'''
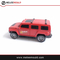 Melee Plastic Molding kids boy playing car toy
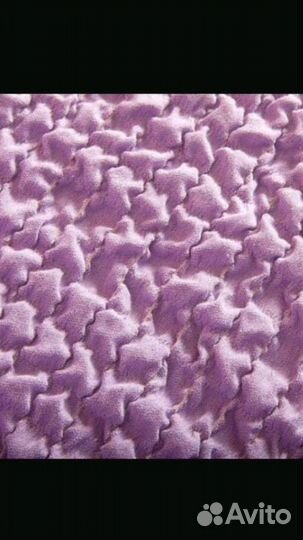 Еврочехлы на кресла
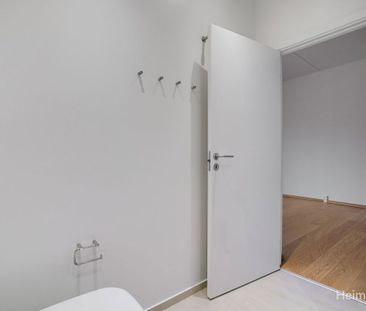 1-værelses Lejlighed på 60 m² i København S - Photo 2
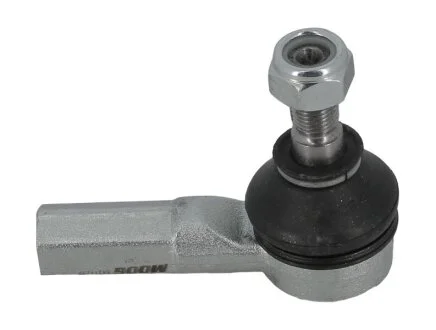 OP-ES-3620 Накінечник кермової тяги MOOG OPES3620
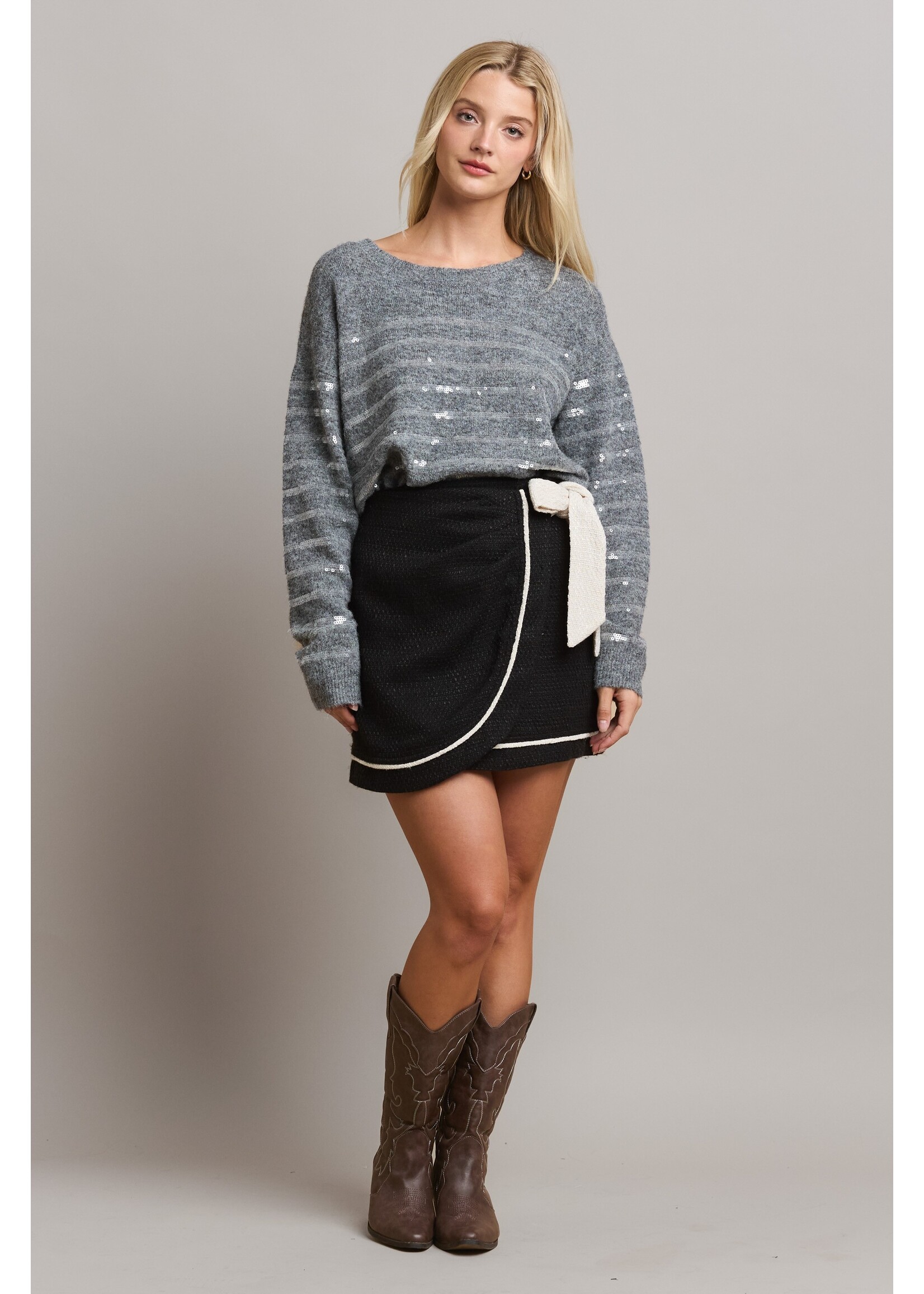 Able FINAL SALE From $48 to $28 - AK1555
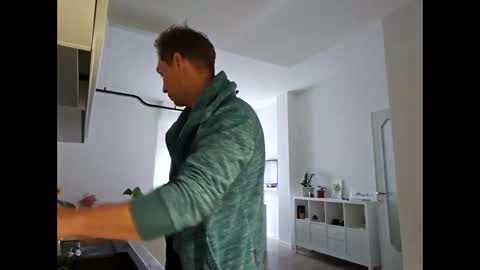 call me on skp alexdewalt online show from March 10, 8:37 am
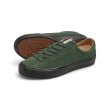 画像1: LAST RESORT AB "VM003 SUEDE LO" - DARK GREEN / BLACK (1)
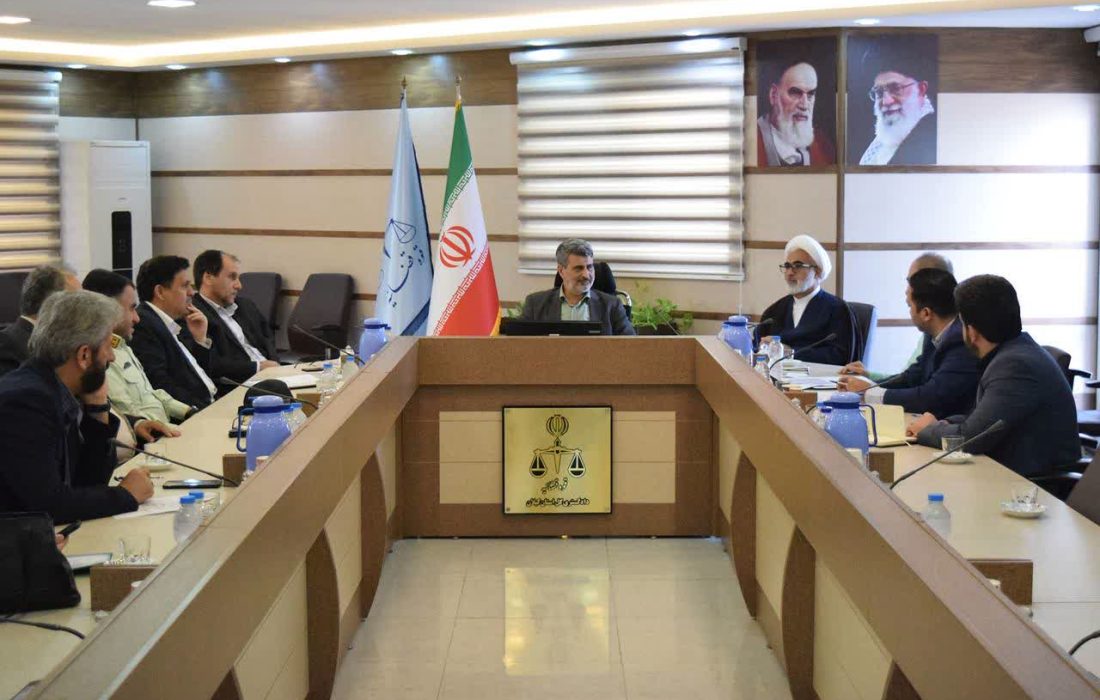 ارتقاء سطح بازدهی اقدامات درمان اعتیاد منوط به نظارت بر مراکز و کمپ‌های ماده ۱۶ است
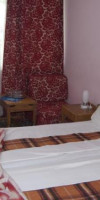 Cronwell Platamon Resort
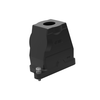 Heavy Duty Connector Housings, Hoods, Bases - A134264-ND - DigiKey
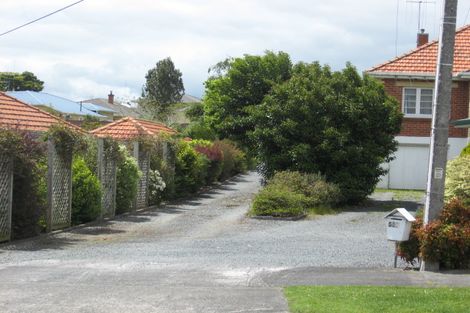 Photo of property in 583 Bank Street, Te Awamutu, 3800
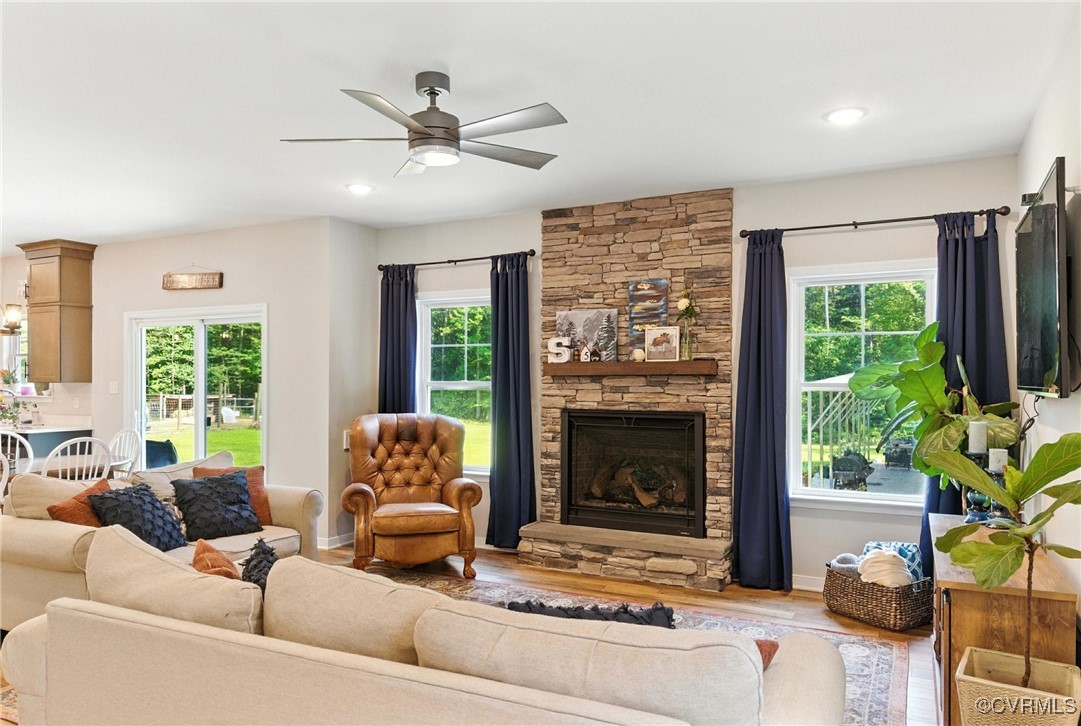 275 Freestyle Ln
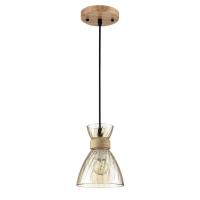 Подвесной светильник Lumion Suspentioni Mirabela 8051/1A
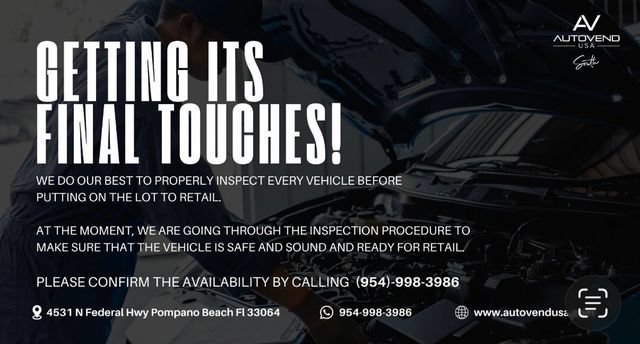 Used 2020 BMW M550i xDrive AWD/4WD image 5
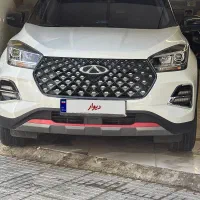 Mvm x55 پرو اکسلنت اسپرت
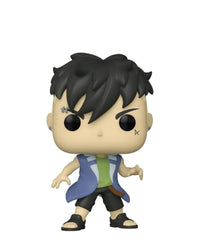 Kawaki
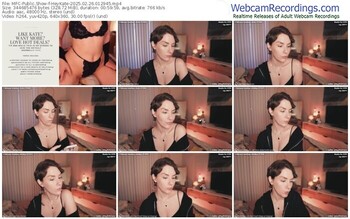 myfreecams-heykate-02-26-2025-01-29-45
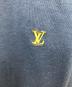 LOUIS VUITTONの古着・服飾アイテム：15000円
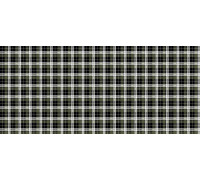 Фланель Престиж 150 см 21260-5 Мишель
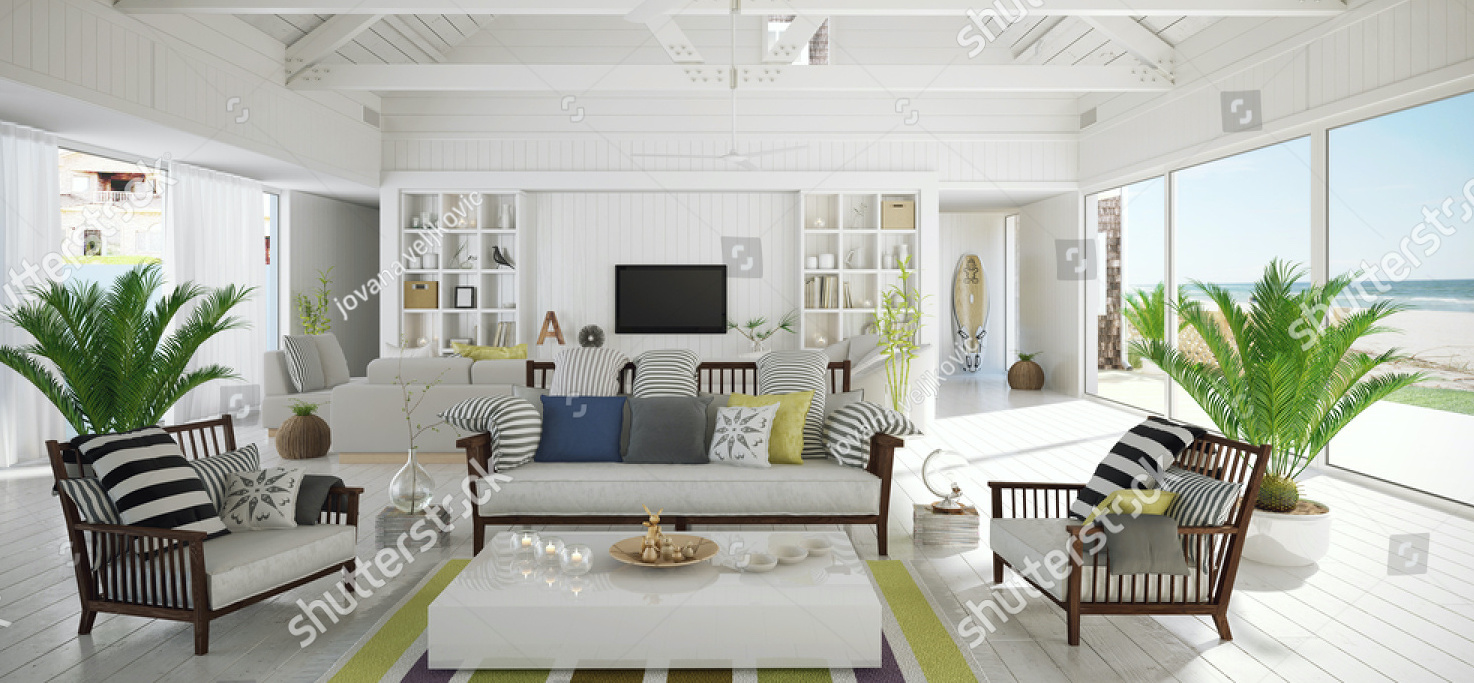 Placencia vacation rentals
'''
Brief >>
Without the pictures, return all the entries above exactly as they stand.

Response area >>
 Melee Plastic Molding kids boy playing car toy
 Еврочехлы на кресла
 1-værelses Lejlighed på 60 m² i København S - Photo 2
 OP-ES-3620 Накінечник кермової тяги MOOG OPES3620
 Able FINAL SALE From $48 to $28 - AK1555
 call me on skp alexdewalt online show from March 10, 8:37 am
 画像1: LAST RESORT AB "VM003 SUEDE LO" - DARK GREEN / BLACK (1)
 ارتقاء سطح بازدهی اقدامات درمان اعتیاد منوط به نظارت بر مراکز و کمپ‌های ماده ۱۶ است
 Cronwell Platamon Resort
 Heavy Duty Connector Housings, Hoods, Bases - A134264-ND - DigiKey
 Photo of property in 583 Bank Street, Te Awamutu, 3800
 275 Freestyle Ln
 Подвесной светильник Lumion Suspentioni Mirabela 8051/1A
 Used 2020 BMW M550i xDrive AWD/4WD image 5
 Mvm x55 پرو اکسلنت اسپرت
 Kawaki
 myfreecams-heykate-02-26-2025-01-29-45
 LOUIS VUITTONの古着・服飾アイテム：15000円
 Фланель Престиж 150 см 21260-5 Мишель
 Placencia vacation rentals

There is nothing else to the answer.